The code below plots the feature importances.

In [None]:
importances = model.feature_importances_
indices = np.argsort(importances)[::-1]

# Print the feature ranking
print("Feature ranking:")

for f in range(sel_features.shape[1]):
    print("%d. feature: %s, %d (%f)" % (f + 1, sel_features.columns[indices[f]], indices[f], importances[indices[f]]))

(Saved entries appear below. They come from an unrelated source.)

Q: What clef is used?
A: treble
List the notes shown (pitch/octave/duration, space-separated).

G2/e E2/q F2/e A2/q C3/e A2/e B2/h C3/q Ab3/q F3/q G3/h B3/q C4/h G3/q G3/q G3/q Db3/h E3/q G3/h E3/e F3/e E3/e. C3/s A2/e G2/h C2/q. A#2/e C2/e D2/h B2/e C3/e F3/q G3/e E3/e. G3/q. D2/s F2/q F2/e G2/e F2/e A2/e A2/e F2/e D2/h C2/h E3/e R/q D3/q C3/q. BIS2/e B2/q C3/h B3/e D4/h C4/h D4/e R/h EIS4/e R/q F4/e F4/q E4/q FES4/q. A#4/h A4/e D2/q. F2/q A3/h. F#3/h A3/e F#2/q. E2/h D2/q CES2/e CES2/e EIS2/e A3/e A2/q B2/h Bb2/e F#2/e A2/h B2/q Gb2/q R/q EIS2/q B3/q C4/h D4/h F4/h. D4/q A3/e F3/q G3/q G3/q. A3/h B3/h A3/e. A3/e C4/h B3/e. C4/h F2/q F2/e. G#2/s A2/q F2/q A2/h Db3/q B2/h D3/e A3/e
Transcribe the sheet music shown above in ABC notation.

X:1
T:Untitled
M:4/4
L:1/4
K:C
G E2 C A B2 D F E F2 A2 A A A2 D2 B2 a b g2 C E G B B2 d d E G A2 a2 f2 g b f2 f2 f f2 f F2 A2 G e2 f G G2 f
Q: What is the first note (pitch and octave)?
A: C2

# Plot the feature importances of the forest
plt.figure(figsize=(16,6))
plt.title("Feature importances")
plt.bar(range(sel_features.shape[1]), importances[indices],
       color="r", align="center")
plt.xticks(range(sel_features.shape[1]), sel_features.columns[indices])
plt.xlim([-1, sel_features.shape[1]])
plt.show()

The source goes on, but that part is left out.